Aber es wird uns etwas nutzen, sich über die Unterschiede im Land Gedanken zu machen und darüber, wie wir aus den Schrumpfungs- und Wachstumsprozessen, aus der Veränderung von Gesellschaft, Altersstrukturen, ethnischen Zusammensetzungen hin zu neuen Gesellschaftsstrukturen, die wir mit der dritten bzw. vierten Migrantengeneration hier entwickeln, Kapital schöpfen können und zu versuchen, es für unser Land in wertvolles Kapital zu verwandeln, und zwar auf der Seite der Menschen in der Bildung und auch bei der Infrastruktur.
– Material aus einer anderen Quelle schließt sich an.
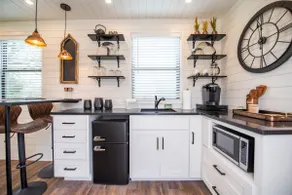 The Newtonian Tiny Container Home near Magnolia - Image 4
Mein Lieblingskapitel ist deswegen – das mögen mir die anderen verzeihen – das Infrastrukturkapitel, zu dem wir auch ein umfangreiches Gutachten bekommen haben. Es beschäftigt sich sehr dezidiert mit der Frage: „Was passiert eigentlich in den Kommunen – wirtschaftlich, finanziell, im Bildungsbereich –, die schrumpfen, und was passiert auf der anderen Seite in denen, die wachsen?“ und schlägt vor, sehr differenziert mit den Fragen der Daseinsvorsorge umzugehen.
Ein Kanal, für den die Gebühren für alle Kanalteilnehmer – ihre Zahl sinkt ständig – immer höher werden, sorgt eher dafür, dass die Schrumpfungsprozesse in dieser Region verstärkt werden. In einer anderen Region – ich gucke den Kollegen aus Düsseldorf an – muss man die Frage beantworten, wie schnell weitere Kanäle gebaut werden können, um die vielen Menschen, die hierher wollen, unterzubringen.